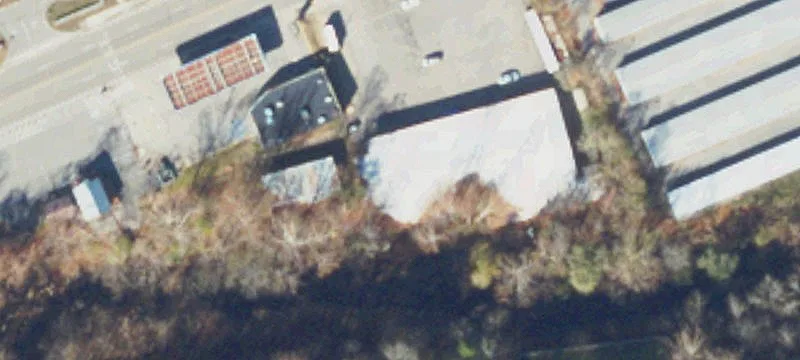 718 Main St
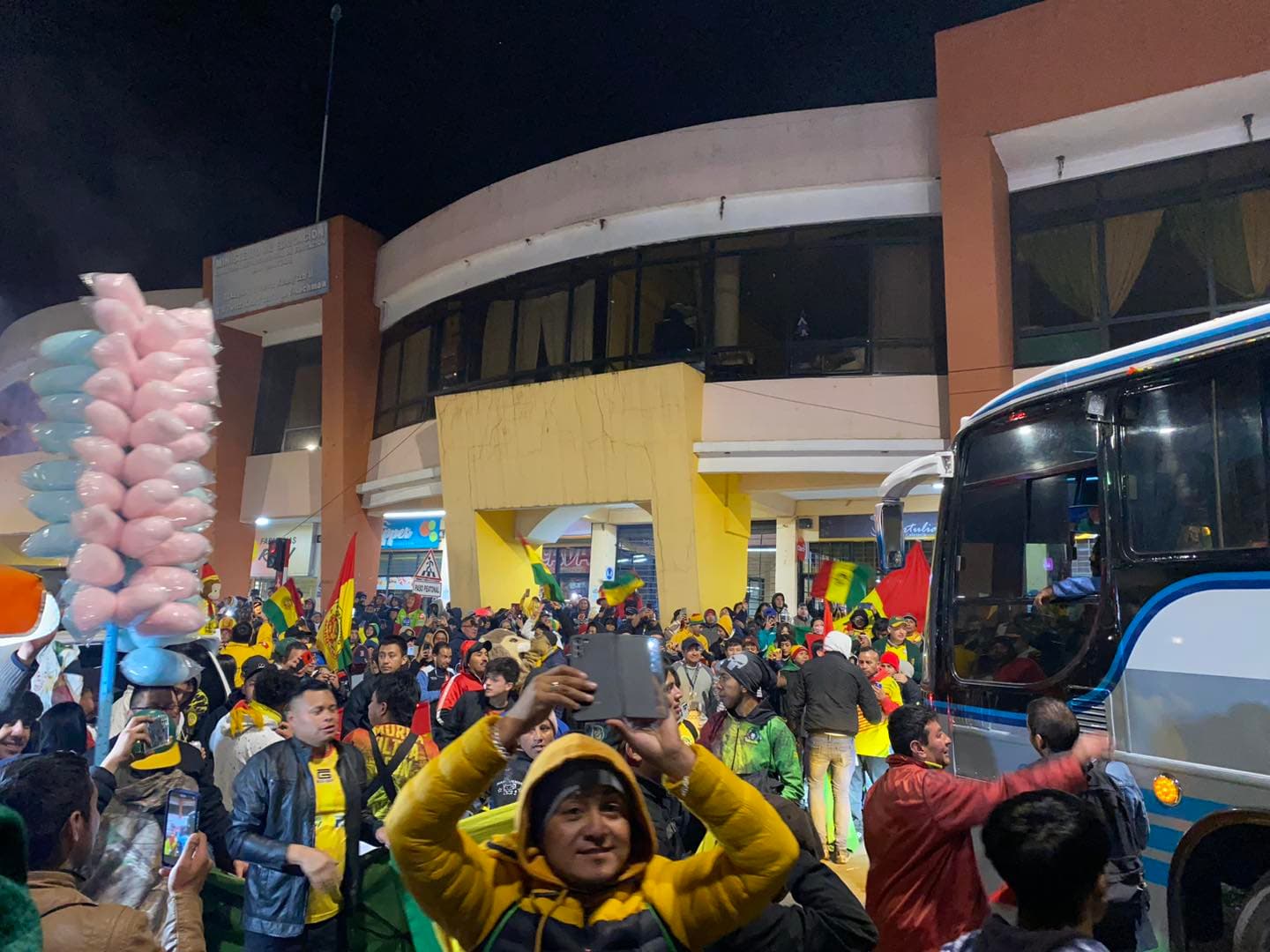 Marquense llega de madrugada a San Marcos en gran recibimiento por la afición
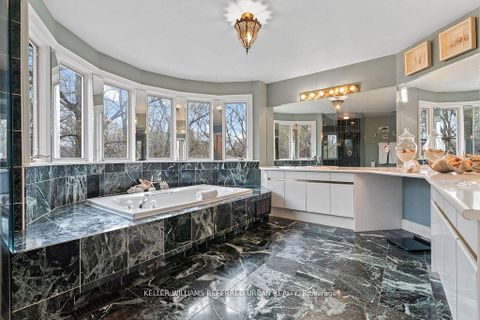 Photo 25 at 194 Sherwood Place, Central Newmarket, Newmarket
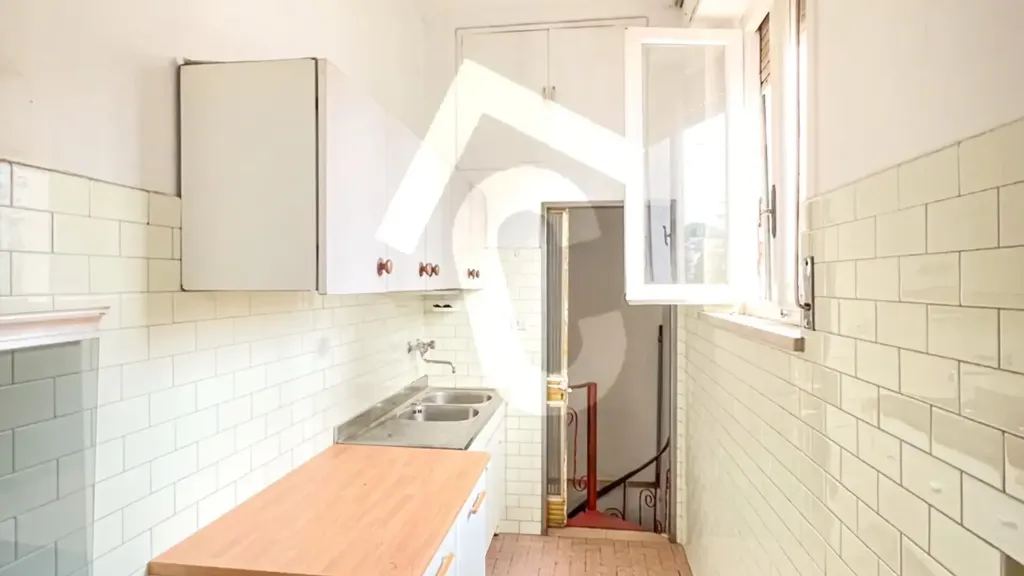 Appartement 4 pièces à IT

> [EXERCISE DESCRIPTION] Omitting all pictures, restate word for word the lines from the one containing "Marquense llega de" through the last line of the data.

> [ANSWER TO THIS PROBLEM]
 Marquense llega de madrugada a San Marcos en gran recibimiento por la afición
 Photo 25 at 194 Sherwood Place, Central Newmarket, Newmarket
 Appartement 4 pièces à IT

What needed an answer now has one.